Die Höhe der aus der Tatbestandsverwirklichung im 2. Kalendervierteljahr 2005 resultierenden Beitragsschuld beträgt € 40.560,00 und resultiert gemäß § 5 ALSAG idF BGBl. Nr. 201/1996 sowie § 6 Abs. 1 Z 3 ALSAG idF BGBl. Nr. 142/2000 aus der Bemessungsgrundlage von 624 Tonnen und dem Beitragssatz von € 65,00 pro angefangener Tonne.

Die Höhe der aus der Tatbestandsverwirklichung im 3. Kalendervierteljahr 2005 resultierenden Beitragsschuld beträgt € 41.795,00 und resultiert gemäß § 5 ALSAG idF BGBl. Nr. 201/1996 sowie § 6 Abs. 1 Z 3 ALSAG idF BGBl. Nr. 142/2000 aus der Bemessungsgrundlage von 643 Tonnen und dem Beitragssatz von € 65,00 pro angefangener Tonne.

Die Bf. hat die Altlastenbeiträge nicht gemäß § 9 Abs. 2 ALSAG idF BGBl. Nr. 201/1996 spätestens am 15. Tag (Fälligkeitstag) des auf das 2. Kalendervierteljahr 2005 zweitfolgenden Kalendermonates und des auf das 3. Kalendervierteljahr 20005 zweitfolgenden Kalendermonates entrichtet.

Gemäß § 217 Abs. 7 BAO idF BGBl. Nr. 142/2000 sind Säumniszuschläge auf Antrag des Abgabepflichtigen insoweit herabzusetzen bzw. nicht festzusetzen, als ihn an der Säumnis kein grobes Verschulden trifft, insbesondere insoweit bei nach Abgabenvorschriften selbst zu berechnenden Abgaben kein grobes Verschulden an der Unrichtigkeit der Selbstberechnung vorliegt.

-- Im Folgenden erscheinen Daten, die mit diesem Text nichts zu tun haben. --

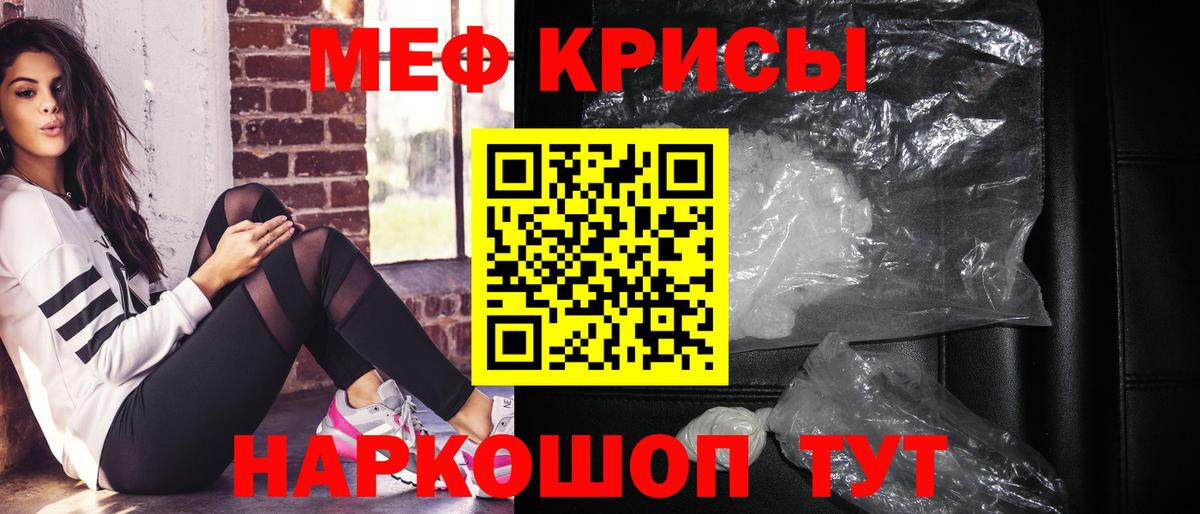 МЕФ мука  Меф  Междуреченск  Вход с VPN  МЯУ-МЯУ мука 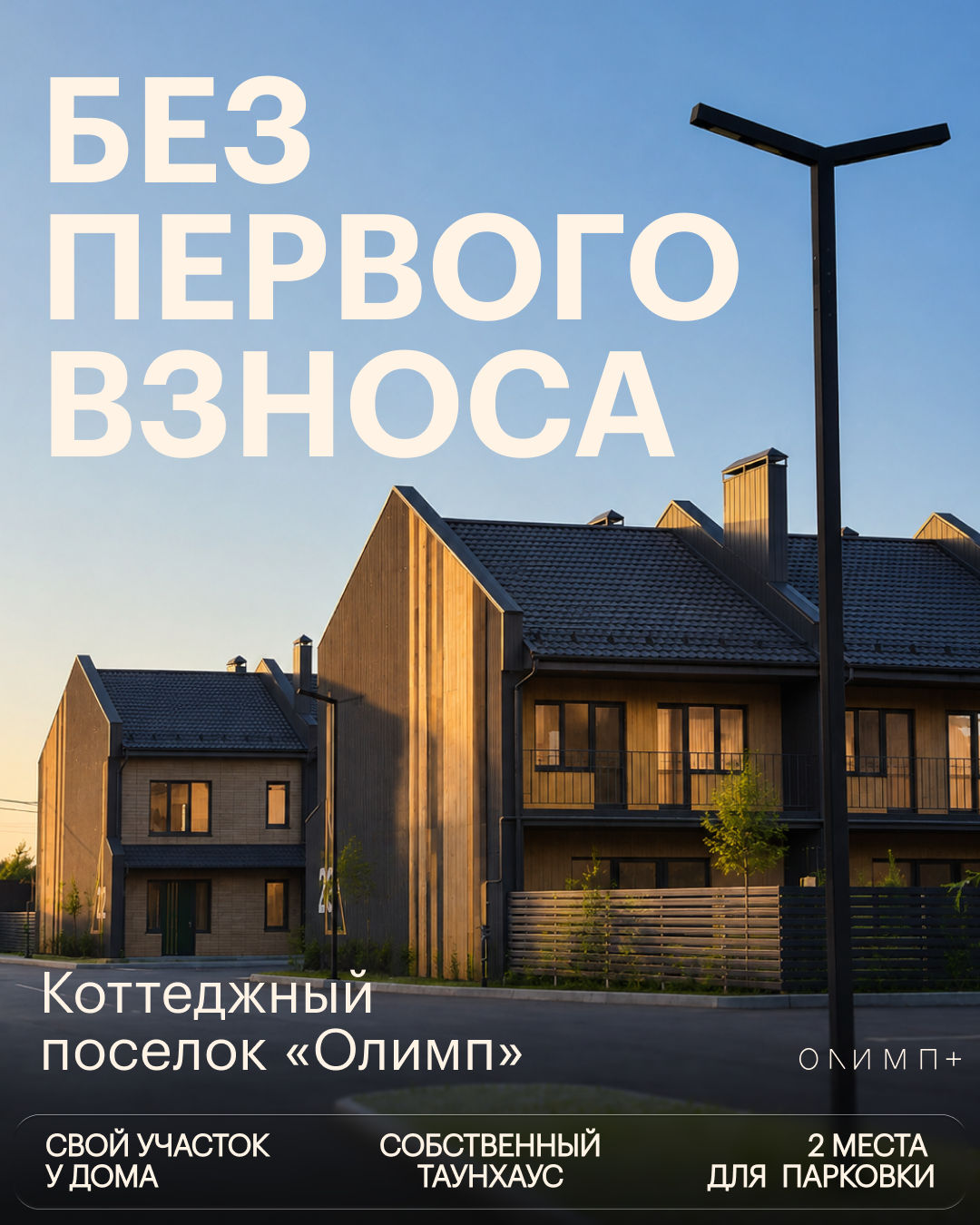Таунхаус без первоначального взноса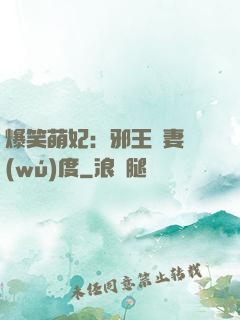 爆笑萌妃：邪王寵妻無(wú)度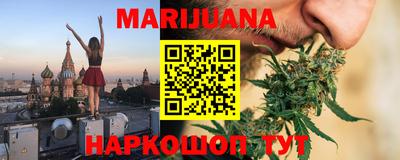 каннабис Ликино-Дулёво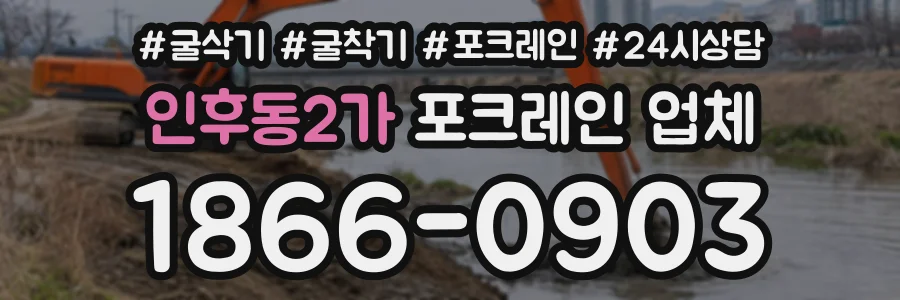 인후동2가 포크레인업체 상담 전화 1866-0903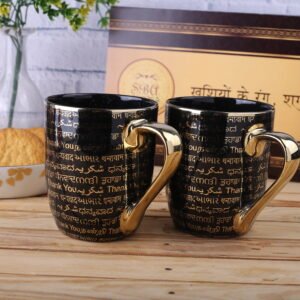 Crystal Concepts - Black Thank You Mug (Set Of 2)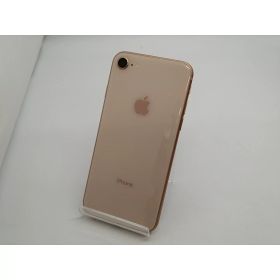 iPhone 8 ゴールド 中古 9,800円 | ネット最安値の価格比較 プライスランク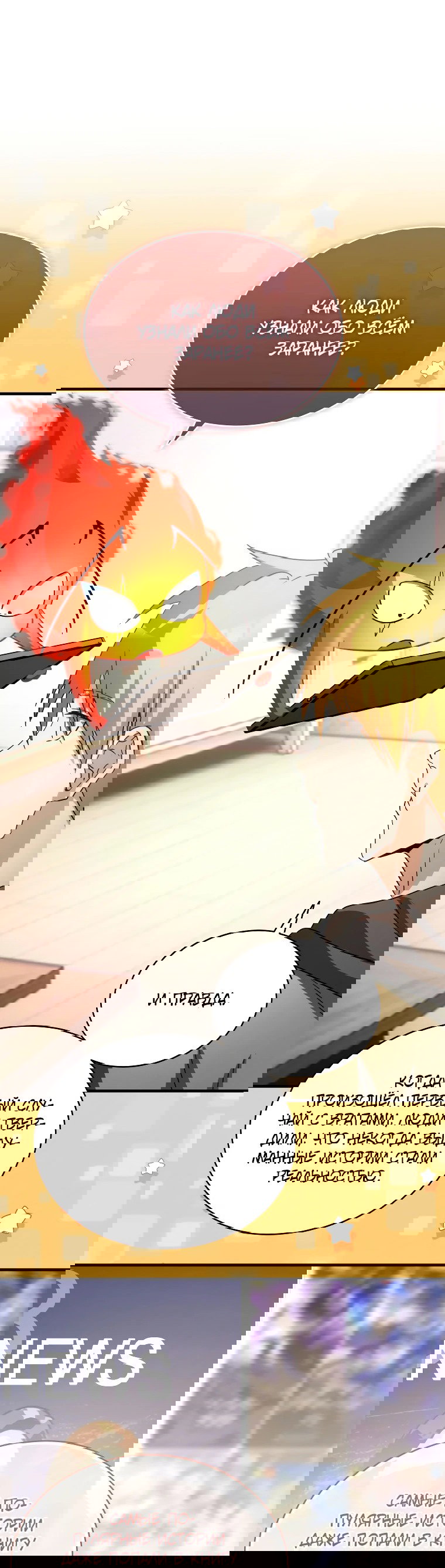 Read И сегодня ранкер мечтает о пенсии RU Manga Online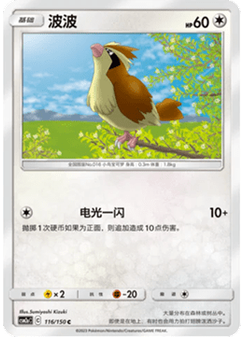 Pidgey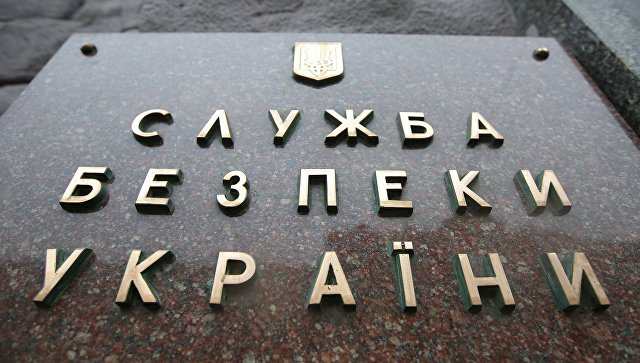 СБУ обвиняет организацию Медведчука в «содействии оккупации Крыма»
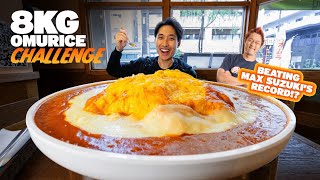 EPIC 8KG OMURICE Challenge in Tokyo Japan – Can I Beat maxsuzukitv Record  Japan Food Tour EP 1 [upl. by Hooper]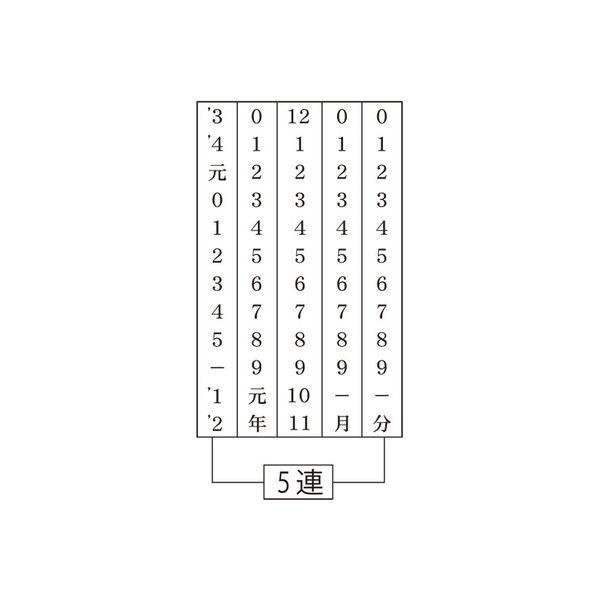 サンビー（SANBY） テクノタッチ回転印 飛日付 5号 明朝体 TKA-TD5 1個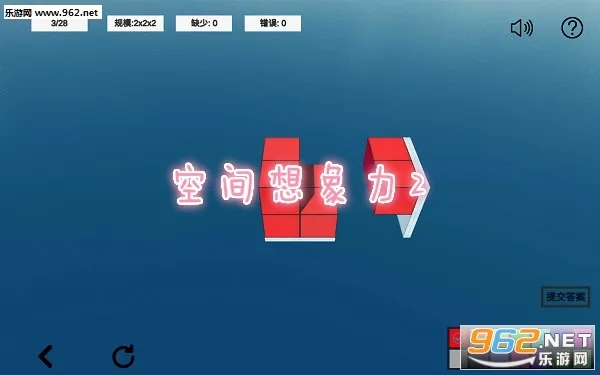 �ռ�������2(�ռ������Ϸ)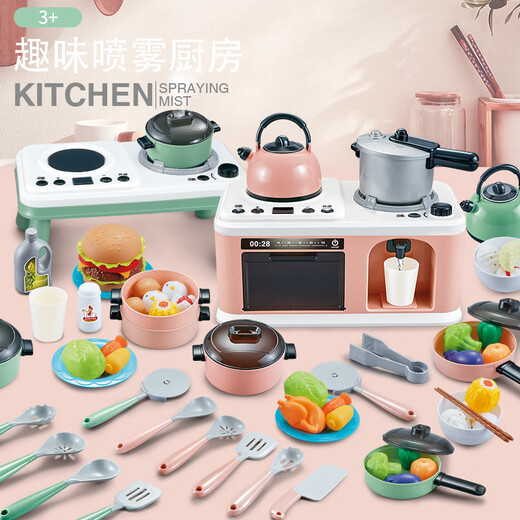 Yunya Children's Kitchen Toys Simulation Stove Set Cooking Play House Full Set Boys and Girls Baby Stove Stove Cooking Kitchen Cooking 4 in 1 52-piece Set Green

Der zuständige Referent des BM für Finanzen hat dem VOE mit E-Mail vom 23. Februar 2005 Folgendes mitgeteilt: "Bei den langfristigen Ablagerungen erfolgt die langfristige Ablagerung nicht unmittelbar, sondern erst nach Durchführung bestimmter Beseitigungsverfahren. Somit erfolgt in diesen Fällen keine altlastenbeitragspflichtige Beförderung von Abfällen zur (unmittelbaren) langfristigen Ablagerung außerhalb des Bundesgebietes".

Die Bf. hat glaubwürdig dargelegt, dass sie den Selbstberechnungen vom 28. Juli 2005 und 7. Oktober 2005 die og. Rechtsauskunft des BM für Finanzen zugrunde gelegt hat. Es liegt daher kein grobes Verschulden an der Unrichtigkeit der Selbstberechnungen vor (vgl. Ritz, BAO³, § 217 Tz 48). Säumniszuschläge sind folglich gemäß § 217 Abs. 7 BAO nicht festzusetzen.

Der EuGH hat in dem og. Urteil entschieden, wie die Einstufung eines aus mehreren gesonderten Abschnitten bestehenden Verfahrens zur Verarbeitung von Abfällen als Beseitigung oder als Verwertung vorzunehmen ist. Dieses Urteil hat daher im vorliegenden Fall, dem ein anderer Sachverhalt zugrunde liegt, keine Relevanz.

Im vorliegenden Fall wurde jeweils das Beseitigungsverfahren D14 und das Beseitigungsverfahren D12 angewendet. Diese Behandlung der Abfälle stand jeweils bereits vor dem Beginn der Beförderung nach Deutschland fest. Das Beseitigungsverfahren D14 hatte das Einfüllen der og. Filterkuchen in "Big Bags" zum Inhalt. Es diente somit lediglich der Vorbereitung der langfristigen Ablagerung der Filterkuchen in der og. Untertagedeponie.

Zur og. E-Mail des BM für Finanzen vom 23. Februar 2005 an den VOE und zur og. Zolldokumentations-Info vom 1. August 2005 ist zu bemerken, dass der UFS an die darin zum Ausdruck gebrachten Rechtsmeinungen des BM für Finanzen nicht gebunden ist (§ 6 UFSG).

Aufgrund dieser Ausführungen war spruchgemäß zu entscheiden.